TORONTO, ON--(Marketwired - December 05, 2013) - Global car sales re-accelerated in October, as a 33% surge in China drove overall volumes 9% above 2012 levels, according to the latest Scotiabank Global Auto Report.
"Profitability for the five largest auto manufacturers remains healthy, with gross margins at 10-year highs and net income consistently exceeding USD$50 billion per year since 2011," said Carlos Gomes, Scotiabank's Senior Economist and Auto Industry Specialist. "Profitability is highest in North America, but is improving in every region, including Western Europe, the only jurisdiction where the industry remains unprofitable."
Highlights in the report include:
- In Canada, November sales set a fifth consecutive monthly record. Car and light truck purchases rose 6.5% above a year earlier, keeping volumes above an annualized 1.8 million units for the second consecutive month, and well above the January-September average of 1.735 million.

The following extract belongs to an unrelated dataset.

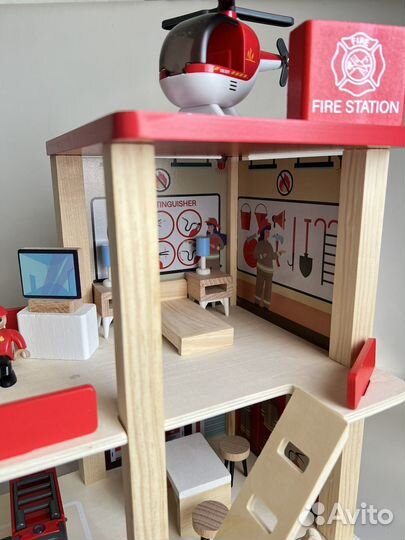 Пожарная станция игрушка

- Investment by the global auto sector now exceeds 5% of overall sales, the highest level since 2005 and a significant improvement from only 3.6% in 2010, when the global economic expansion was just getting underway.
- While automakers have started to close plants in Western Europe, they continue to ramp up their capital expenditures in other regions -- especially in the rapidly-growing emerging markets of Asia and Latin America.